Milkweed in bloom, Stony Fork

We drove down a primitive one lane, steep (and scary!) Pisgah National Forest road to a parking area and hiked out to Wisemans Bluff Overlook.  This view shows Table Rock, Hawksbill, and Shortoff Mountains.

There were two overlooks built out on rock cliffs where you can safely walk out over the edge to photograph.

There were blackberries along the trail but birds 
or other hikers had gotten to the ripe ones first.

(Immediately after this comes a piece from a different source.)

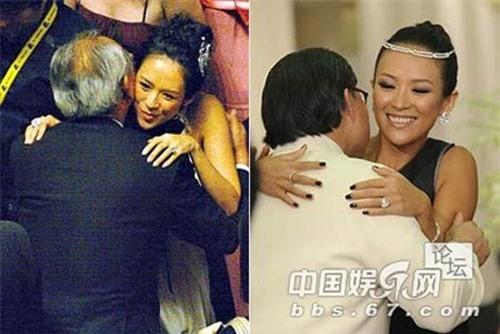 pham bang bang, luu diec phi, truong ba chi, lam chi linh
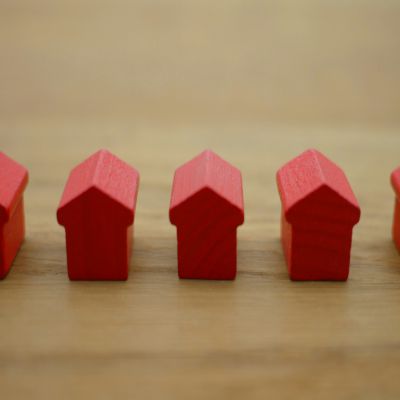 MÁSTER EN ASESORÍA Y GESTIÓN DE INMUEBLES A Distancia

At the bottom, some 4000 feet down, is Linville Gorge and waterfall.  

The bushes in the foreground with the red cone shapes at the top are sumac.  You can make a sort of lemonade-tasting drink from them and it's very good.  Pretty too as it is a bit pink.  

On the way back to our inn we stopped here to see if we could buy some horehound candy and sure enough, they had some!

Horehound is an herb in the mint family and it has a taste somewhere between root beer and licorice.  It soothes your throat and when I was a kid my grandpa would pull some out of his pocket, wrapped in twisted brown paper, and dole out a piece if you were a good girl.